§ Instructions to follow:
Everything from the line with "Жіночий ремінь Caspar" down to the line with "Striped Organic Linen Crinkle Wide-Leg Pant" below must be printed exactly, those two lines included. Exclude pictures.

Provided entries section start

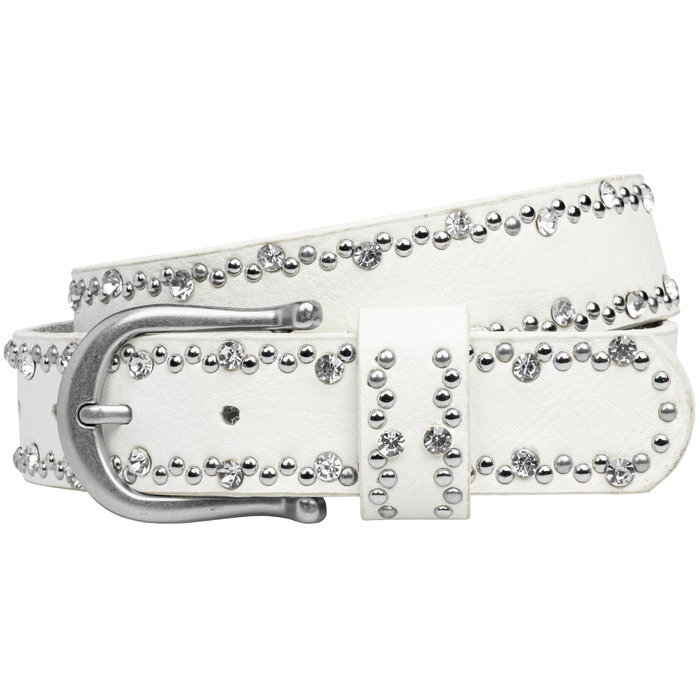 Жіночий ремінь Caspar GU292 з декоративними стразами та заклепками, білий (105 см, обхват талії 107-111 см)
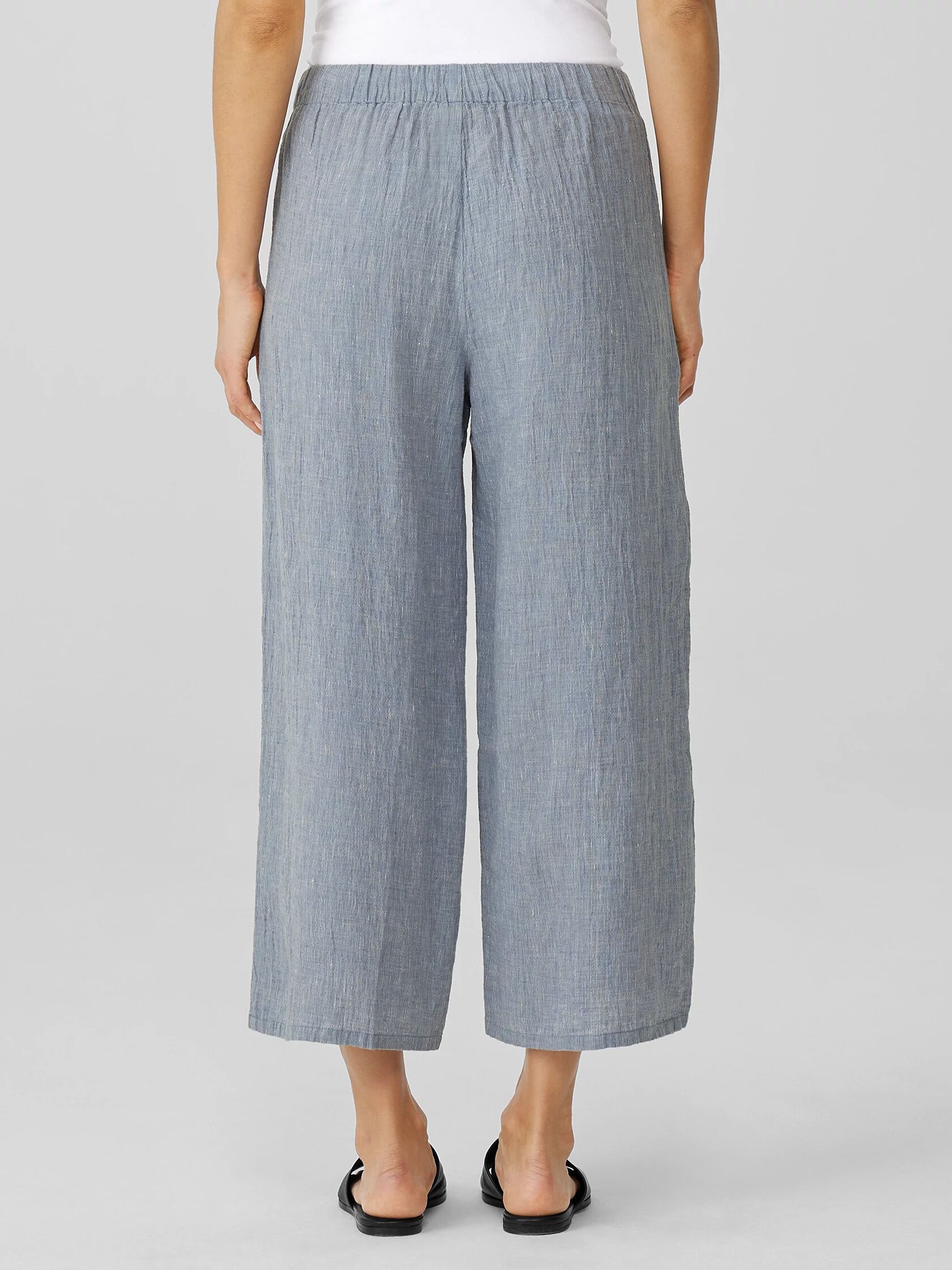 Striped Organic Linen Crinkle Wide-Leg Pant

Provided entries section end
Provided entries section start

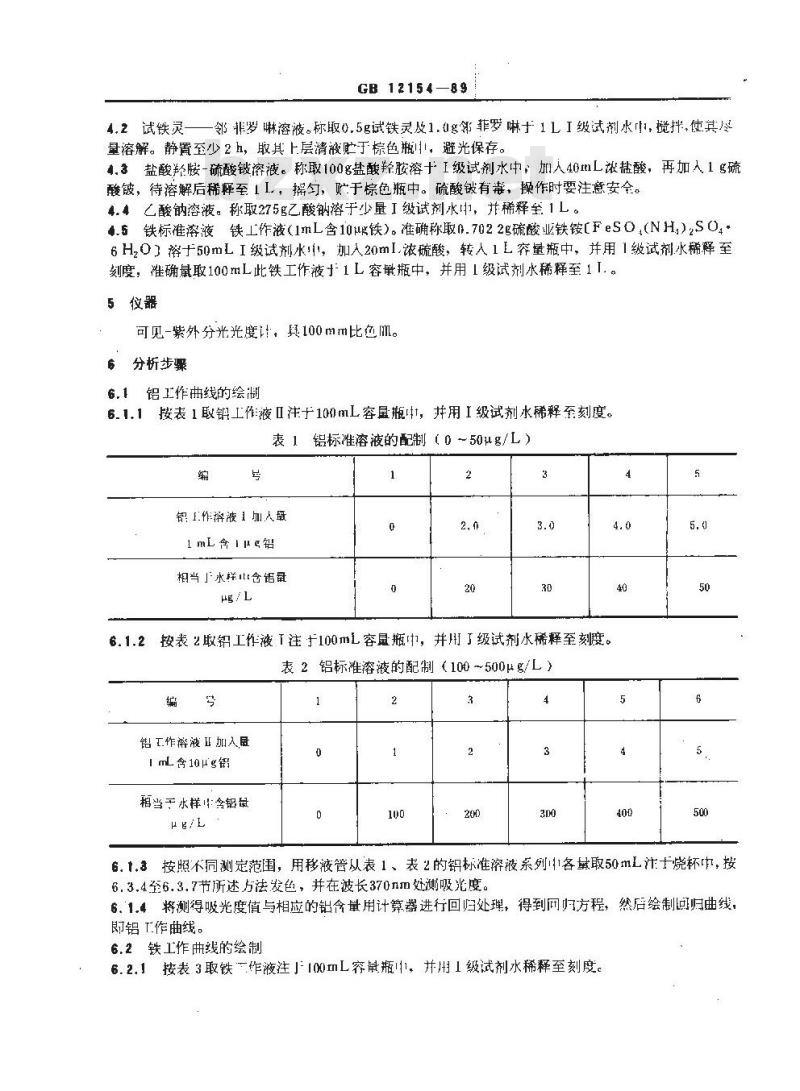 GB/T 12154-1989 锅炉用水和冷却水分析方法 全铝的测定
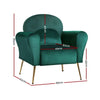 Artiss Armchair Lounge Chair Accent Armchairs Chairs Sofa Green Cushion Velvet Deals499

Provided entries section end
Provided entries section start

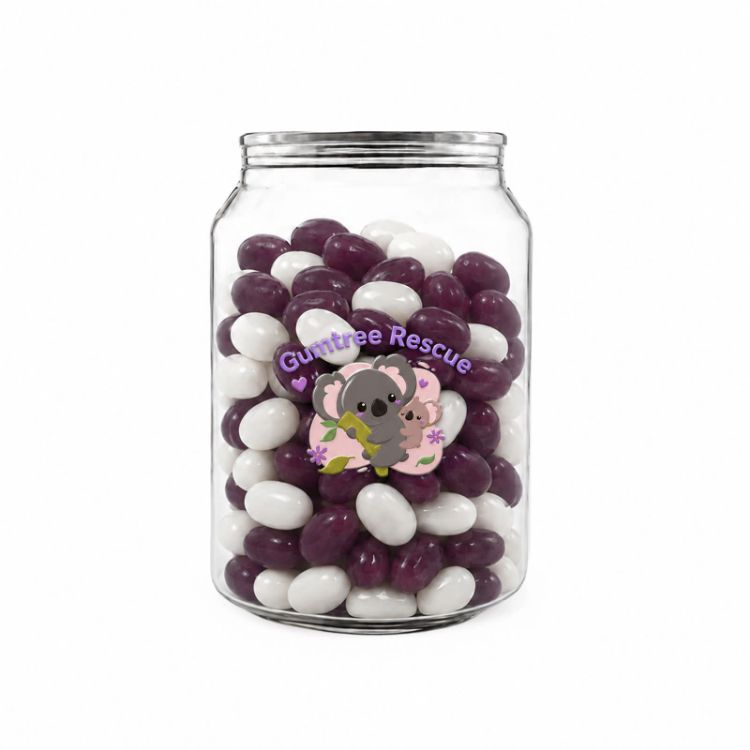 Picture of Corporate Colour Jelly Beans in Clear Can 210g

Provided entries section end

§ Your response:
 Жіночий ремінь Caspar GU292 з декоративними стразами та заклепками, білий (105 см, обхват талії 107-111 см)
 Striped Organic Linen Crinkle Wide-Leg Pant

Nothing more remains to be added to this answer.